Lorsque notre rôle disparaît, notre valeur semble disparaître avec lui

Pendant des années, notre confiance s'appuie souvent sur notre fonction.

Nous sommes directeur, manager, expert ou entrepreneur. Ces titres deviennent progressivement une partie de notre identité.

Lorsque cette fonction disparaît, une question apparaît presque naturellement : « Si je ne suis plus ce que je fais, qui suis-je ? »

Ce doute ne signifie pas que nous avons perdu notre valeur. Il révèle simplement que nous l'avions associée à un rôle plutôt qu'à la personne que nous sommes devenue.

Nous donnons souvent plus de valeur au regard des autres qu'au nôtre

Nous attendons une promotion pour nous sentir légitimes, un compliment pour croire en nos compétences, ou une réussite visible pour retrouver confiance.

Sans nous en rendre compte, nous remettons notre estime de nous-mêmes entre les mains des autres.

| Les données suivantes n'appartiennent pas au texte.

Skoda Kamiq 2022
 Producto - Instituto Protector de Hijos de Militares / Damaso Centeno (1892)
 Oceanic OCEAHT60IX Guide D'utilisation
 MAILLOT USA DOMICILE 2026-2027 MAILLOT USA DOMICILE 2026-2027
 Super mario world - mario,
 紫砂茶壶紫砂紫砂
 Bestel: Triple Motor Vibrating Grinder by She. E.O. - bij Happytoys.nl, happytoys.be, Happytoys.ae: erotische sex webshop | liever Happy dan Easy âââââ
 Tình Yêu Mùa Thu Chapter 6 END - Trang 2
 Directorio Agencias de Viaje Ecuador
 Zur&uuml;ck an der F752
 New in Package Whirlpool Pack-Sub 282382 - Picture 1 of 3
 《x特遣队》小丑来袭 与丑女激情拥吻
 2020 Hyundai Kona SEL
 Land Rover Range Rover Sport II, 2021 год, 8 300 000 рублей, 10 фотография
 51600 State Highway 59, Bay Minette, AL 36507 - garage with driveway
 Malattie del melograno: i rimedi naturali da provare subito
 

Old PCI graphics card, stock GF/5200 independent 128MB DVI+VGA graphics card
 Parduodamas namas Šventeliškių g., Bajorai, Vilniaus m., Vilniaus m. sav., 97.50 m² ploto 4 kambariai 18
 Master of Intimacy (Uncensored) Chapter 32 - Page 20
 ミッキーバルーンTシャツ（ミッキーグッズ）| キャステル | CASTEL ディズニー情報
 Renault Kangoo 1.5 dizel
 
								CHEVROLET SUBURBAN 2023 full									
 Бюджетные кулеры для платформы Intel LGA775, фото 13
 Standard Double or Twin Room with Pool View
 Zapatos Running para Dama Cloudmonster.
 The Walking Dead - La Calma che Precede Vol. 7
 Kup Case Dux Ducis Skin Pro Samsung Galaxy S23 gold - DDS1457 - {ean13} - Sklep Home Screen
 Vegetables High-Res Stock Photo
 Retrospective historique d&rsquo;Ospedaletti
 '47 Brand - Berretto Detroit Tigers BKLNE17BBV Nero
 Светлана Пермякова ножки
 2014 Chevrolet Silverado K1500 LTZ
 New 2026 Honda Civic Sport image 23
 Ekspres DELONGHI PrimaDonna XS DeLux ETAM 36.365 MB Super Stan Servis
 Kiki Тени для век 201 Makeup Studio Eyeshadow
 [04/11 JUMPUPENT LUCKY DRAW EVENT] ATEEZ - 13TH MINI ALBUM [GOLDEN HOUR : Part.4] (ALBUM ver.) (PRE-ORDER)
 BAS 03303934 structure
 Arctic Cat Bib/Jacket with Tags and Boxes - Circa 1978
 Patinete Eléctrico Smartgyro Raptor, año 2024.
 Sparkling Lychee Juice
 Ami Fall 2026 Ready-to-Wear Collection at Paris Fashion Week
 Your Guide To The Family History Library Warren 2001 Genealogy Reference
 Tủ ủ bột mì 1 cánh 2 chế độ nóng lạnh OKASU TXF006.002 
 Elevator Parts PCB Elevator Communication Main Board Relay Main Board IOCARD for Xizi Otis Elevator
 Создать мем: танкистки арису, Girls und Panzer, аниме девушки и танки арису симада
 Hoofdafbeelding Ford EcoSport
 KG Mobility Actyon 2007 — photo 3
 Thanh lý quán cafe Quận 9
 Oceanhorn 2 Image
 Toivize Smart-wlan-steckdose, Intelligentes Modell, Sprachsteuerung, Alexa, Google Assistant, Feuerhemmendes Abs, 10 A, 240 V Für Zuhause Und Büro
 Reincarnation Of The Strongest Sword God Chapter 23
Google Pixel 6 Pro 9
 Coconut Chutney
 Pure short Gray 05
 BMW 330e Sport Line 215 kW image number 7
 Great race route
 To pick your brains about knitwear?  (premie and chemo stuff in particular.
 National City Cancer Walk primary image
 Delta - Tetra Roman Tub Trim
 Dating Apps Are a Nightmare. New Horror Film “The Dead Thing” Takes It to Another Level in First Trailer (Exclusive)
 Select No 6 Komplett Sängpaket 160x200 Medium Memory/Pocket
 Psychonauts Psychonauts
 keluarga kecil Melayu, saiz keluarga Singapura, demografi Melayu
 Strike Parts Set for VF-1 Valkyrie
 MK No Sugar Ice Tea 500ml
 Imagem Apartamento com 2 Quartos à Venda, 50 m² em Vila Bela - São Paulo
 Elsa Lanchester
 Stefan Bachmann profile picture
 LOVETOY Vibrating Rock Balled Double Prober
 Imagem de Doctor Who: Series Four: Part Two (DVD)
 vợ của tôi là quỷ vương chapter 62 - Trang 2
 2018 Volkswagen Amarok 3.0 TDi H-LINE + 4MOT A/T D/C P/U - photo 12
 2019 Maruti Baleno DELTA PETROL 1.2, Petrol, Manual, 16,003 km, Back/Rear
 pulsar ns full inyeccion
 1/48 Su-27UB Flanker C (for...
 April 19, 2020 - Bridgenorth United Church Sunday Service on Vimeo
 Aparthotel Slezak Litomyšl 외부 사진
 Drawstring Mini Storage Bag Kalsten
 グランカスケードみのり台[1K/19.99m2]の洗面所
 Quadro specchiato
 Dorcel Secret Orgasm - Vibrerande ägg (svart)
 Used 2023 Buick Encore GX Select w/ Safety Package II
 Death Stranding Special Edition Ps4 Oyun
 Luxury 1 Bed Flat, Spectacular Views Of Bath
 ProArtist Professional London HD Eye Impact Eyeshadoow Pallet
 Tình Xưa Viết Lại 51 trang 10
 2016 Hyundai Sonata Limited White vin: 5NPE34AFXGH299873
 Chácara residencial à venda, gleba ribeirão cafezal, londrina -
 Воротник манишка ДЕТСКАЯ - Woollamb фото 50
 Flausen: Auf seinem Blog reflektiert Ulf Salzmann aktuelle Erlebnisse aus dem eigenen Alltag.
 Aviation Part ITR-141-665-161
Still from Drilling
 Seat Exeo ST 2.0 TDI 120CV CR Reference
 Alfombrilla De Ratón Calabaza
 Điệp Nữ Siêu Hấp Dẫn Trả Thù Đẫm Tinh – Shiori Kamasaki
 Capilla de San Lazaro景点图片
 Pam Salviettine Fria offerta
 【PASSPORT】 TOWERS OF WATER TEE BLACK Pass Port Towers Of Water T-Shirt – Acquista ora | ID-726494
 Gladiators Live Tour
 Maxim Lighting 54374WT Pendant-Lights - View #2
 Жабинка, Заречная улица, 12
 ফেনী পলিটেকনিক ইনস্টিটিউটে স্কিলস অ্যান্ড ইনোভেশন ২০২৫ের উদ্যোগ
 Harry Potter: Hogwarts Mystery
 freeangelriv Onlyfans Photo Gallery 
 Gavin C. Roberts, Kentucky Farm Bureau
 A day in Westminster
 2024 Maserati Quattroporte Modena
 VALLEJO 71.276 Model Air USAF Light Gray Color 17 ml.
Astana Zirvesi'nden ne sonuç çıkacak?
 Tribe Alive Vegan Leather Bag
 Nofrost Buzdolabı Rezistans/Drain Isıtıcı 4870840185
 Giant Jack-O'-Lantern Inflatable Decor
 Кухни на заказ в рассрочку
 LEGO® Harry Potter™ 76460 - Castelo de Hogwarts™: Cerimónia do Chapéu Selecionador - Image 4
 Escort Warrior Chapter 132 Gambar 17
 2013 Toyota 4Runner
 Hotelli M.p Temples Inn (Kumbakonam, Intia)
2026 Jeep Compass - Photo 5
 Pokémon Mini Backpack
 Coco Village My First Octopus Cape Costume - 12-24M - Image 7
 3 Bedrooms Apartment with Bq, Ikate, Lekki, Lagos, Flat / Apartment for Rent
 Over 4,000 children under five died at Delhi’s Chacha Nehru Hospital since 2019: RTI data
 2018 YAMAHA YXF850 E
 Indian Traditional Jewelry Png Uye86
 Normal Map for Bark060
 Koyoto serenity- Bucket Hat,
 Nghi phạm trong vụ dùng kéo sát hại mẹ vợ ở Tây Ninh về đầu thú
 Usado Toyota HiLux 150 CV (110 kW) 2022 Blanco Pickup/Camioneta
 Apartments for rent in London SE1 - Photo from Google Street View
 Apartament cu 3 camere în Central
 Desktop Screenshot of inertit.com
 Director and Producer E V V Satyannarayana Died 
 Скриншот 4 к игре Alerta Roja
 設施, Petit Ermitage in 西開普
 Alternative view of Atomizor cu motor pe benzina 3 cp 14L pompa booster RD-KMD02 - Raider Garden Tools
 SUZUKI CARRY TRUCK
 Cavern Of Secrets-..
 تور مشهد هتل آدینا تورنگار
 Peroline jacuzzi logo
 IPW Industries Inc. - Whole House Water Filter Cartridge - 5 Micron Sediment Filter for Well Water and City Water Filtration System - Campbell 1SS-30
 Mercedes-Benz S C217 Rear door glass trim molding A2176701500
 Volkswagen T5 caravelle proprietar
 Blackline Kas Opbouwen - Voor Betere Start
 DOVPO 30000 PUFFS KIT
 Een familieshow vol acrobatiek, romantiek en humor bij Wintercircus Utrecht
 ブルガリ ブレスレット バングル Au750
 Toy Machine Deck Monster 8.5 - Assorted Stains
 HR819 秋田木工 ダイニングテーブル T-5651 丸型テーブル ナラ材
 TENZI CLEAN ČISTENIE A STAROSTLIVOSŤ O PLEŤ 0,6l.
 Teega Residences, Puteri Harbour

Or le regard extérieur change constamment. Chercher à construire sa confiance sur quelque chose d'aussi instable revient à bâtir sur des fondations fragiles.

La véritable stabilité apparaît lorsque notre propre regard devient plus important que celui des autres.

L'expérience a déjà construit une richesse que nous oublions de voir

Au fil des années, nous développons bien plus que des compétences. Nous apprenons à écouter, à décider, à gérer les crises, à accompagner les autres, à prendre du recul.

Cette richesse devient tellement naturelle que nous finissons par ne plus la remarquer.

Pourtant, c'est précisément cette expérience qui fait aujourd'hui notre singularité.

Reconnaître cette valeur n'est pas de l'orgueil. C'est simplement regarder avec lucidité tout ce que la vie professionnelle nous a permis de construire.

La confiance grandit lorsque nos choix sont alignés avec nos valeurs

Nous croyons souvent que la confiance précède l'action. En réalité, elle se construit surtout après avoir posé des actes cohérents avec ce qui compte vraiment pour nous.

Chaque décision alignée renforce progressivement notre estime. À l'inverse, chaque compromis répété contre nos propres valeurs finit par l'éroder.

La confiance n'est donc pas un état permanent. Elle est la conséquence naturelle d'une vie professionnelle vécue en accord avec soi-même.